* _Your goal_
Produce as output only the lines below starting at the line with "Usata Mercedes A180 2012 Grigio Berlina" and continuing through the line with "Gaziantep'te lastiği patlayan", each one exactly as written.

Data records:

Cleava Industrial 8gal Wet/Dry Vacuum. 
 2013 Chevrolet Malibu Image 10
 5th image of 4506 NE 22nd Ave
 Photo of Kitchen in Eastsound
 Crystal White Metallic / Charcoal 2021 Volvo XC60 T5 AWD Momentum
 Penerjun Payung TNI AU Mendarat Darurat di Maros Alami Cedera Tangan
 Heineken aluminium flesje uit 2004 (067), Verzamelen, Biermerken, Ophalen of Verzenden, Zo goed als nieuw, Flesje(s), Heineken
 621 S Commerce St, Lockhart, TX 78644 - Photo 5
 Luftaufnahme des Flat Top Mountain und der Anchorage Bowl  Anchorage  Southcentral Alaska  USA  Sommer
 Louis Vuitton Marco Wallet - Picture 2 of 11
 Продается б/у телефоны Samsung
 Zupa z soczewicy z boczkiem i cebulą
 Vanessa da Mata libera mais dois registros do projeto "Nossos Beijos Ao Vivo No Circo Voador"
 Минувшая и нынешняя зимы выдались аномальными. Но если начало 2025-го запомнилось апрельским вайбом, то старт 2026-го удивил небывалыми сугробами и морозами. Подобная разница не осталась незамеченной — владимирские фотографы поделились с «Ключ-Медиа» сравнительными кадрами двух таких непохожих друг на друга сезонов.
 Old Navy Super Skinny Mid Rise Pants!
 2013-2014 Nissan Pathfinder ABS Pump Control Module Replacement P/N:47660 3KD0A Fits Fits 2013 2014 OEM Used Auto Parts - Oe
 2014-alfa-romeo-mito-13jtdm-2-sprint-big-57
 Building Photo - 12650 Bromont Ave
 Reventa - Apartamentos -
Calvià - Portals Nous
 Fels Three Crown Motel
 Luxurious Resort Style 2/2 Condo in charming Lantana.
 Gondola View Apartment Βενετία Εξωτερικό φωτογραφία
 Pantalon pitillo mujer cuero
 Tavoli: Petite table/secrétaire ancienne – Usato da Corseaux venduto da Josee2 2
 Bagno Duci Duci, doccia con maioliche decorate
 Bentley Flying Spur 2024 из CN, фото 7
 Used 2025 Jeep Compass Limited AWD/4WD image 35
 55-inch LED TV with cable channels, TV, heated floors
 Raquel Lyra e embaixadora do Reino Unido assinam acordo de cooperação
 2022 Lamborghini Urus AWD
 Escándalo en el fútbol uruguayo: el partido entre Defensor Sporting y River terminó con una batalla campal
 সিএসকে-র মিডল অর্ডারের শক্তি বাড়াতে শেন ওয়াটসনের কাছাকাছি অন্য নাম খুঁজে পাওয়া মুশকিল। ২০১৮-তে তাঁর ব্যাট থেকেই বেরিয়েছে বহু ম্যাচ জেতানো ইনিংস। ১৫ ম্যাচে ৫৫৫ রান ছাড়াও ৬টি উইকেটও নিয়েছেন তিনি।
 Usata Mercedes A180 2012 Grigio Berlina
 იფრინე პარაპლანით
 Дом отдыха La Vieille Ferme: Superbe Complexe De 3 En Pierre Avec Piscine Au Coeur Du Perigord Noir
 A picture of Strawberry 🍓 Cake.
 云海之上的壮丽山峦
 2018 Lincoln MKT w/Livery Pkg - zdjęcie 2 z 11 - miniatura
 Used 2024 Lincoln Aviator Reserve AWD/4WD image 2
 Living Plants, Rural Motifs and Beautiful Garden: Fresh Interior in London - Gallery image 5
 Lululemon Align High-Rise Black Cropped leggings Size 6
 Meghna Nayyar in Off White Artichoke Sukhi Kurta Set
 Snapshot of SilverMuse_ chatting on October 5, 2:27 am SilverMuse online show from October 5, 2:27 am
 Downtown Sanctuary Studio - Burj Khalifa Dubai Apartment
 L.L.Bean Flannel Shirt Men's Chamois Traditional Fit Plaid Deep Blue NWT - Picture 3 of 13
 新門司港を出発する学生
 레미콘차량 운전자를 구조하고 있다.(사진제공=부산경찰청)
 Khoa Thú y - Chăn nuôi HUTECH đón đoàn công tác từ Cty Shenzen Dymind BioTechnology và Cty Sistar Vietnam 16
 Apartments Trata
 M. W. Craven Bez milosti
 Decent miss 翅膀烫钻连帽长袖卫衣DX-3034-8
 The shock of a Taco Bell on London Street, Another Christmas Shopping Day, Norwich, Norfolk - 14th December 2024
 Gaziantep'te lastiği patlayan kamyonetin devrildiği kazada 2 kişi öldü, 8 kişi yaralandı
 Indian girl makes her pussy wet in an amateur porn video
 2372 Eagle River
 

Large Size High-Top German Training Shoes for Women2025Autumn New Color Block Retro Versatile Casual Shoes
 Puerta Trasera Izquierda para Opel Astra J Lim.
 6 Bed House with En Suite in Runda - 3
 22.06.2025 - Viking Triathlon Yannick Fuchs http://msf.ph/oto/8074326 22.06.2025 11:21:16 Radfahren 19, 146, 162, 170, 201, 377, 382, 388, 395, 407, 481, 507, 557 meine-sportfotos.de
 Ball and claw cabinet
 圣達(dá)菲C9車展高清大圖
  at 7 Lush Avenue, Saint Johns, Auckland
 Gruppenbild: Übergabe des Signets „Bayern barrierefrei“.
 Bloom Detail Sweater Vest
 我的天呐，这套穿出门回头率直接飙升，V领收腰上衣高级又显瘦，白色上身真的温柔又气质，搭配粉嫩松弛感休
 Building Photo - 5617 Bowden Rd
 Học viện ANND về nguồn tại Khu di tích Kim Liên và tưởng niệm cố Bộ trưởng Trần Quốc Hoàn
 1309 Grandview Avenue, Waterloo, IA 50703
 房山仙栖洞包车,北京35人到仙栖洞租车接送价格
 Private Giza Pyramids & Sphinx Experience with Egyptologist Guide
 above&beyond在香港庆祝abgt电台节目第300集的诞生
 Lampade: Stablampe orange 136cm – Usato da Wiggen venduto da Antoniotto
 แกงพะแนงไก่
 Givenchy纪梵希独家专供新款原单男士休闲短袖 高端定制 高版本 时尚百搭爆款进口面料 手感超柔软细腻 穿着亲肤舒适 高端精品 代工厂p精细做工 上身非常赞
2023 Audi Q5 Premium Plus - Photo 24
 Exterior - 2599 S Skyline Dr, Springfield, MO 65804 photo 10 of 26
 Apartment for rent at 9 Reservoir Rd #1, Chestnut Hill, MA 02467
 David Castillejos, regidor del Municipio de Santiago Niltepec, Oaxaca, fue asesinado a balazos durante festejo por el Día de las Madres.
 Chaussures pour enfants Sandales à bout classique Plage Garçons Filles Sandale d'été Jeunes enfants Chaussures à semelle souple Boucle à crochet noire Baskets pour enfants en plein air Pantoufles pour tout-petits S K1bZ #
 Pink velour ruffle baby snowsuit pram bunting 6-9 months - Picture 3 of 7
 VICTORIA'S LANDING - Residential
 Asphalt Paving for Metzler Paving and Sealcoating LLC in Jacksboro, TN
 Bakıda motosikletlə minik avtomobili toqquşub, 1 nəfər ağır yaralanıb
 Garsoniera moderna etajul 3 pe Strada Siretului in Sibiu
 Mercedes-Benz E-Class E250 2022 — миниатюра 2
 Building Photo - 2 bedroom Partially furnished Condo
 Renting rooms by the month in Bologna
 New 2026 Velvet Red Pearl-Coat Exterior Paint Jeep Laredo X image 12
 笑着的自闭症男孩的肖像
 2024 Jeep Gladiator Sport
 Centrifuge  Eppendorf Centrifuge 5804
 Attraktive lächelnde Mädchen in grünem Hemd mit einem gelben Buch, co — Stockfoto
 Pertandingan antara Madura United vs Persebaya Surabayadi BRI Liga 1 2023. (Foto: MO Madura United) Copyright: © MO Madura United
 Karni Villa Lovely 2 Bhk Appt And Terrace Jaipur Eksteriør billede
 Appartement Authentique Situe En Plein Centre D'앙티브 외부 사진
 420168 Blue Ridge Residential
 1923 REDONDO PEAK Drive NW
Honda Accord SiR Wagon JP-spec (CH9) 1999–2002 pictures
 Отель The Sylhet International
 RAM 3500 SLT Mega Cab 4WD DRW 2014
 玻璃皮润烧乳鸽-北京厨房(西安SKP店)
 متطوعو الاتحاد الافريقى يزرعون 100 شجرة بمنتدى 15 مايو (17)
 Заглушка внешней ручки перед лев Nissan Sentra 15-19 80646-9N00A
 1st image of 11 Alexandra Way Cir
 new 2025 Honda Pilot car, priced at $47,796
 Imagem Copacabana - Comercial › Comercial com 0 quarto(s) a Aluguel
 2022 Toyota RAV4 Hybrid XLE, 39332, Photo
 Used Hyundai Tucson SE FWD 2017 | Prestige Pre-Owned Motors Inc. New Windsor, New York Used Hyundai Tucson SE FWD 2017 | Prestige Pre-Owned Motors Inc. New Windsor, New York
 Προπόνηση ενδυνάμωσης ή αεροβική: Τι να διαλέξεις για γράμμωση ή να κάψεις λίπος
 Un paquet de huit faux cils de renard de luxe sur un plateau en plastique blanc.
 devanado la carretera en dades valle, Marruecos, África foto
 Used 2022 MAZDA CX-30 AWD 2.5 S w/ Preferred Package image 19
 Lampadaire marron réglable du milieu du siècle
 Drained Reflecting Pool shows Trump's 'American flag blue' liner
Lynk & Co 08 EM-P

* _Task answer_
 Usata Mercedes A180 2012 Grigio Berlina
 იფრინე პარაპლანით
 Дом отдыха La Vieille Ferme: Superbe Complexe De 3 En Pierre Avec Piscine Au Coeur Du Perigord Noir
 A picture of Strawberry 🍓 Cake.
 云海之上的壮丽山峦
 2018 Lincoln MKT w/Livery Pkg - zdjęcie 2 z 11 - miniatura
 Used 2024 Lincoln Aviator Reserve AWD/4WD image 2
 Living Plants, Rural Motifs and Beautiful Garden: Fresh Interior in London - Gallery image 5
 Lululemon Align High-Rise Black Cropped leggings Size 6
 Meghna Nayyar in Off White Artichoke Sukhi Kurta Set
 Snapshot of SilverMuse_ chatting on October 5, 2:27 am SilverMuse online show from October 5, 2:27 am
 Downtown Sanctuary Studio - Burj Khalifa Dubai Apartment
 L.L.Bean Flannel Shirt Men's Chamois Traditional Fit Plaid Deep Blue NWT - Picture 3 of 13
 新門司港を出発する学生
 레미콘차량 운전자를 구조하고 있다.(사진제공=부산경찰청)
 Khoa Thú y - Chăn nuôi HUTECH đón đoàn công tác từ Cty Shenzen Dymind BioTechnology và Cty Sistar Vietnam 16
 Apartments Trata
 M. W. Craven Bez milosti
 Decent miss 翅膀烫钻连帽长袖卫衣DX-3034-8
 The shock of a Taco Bell on London Street, Another Christmas Shopping Day, Norwich, Norfolk - 14th December 2024
 Gaziantep'te lastiği patlayan kamyonetin devrildiği kazada 2 kişi öldü, 8 kişi yaralandı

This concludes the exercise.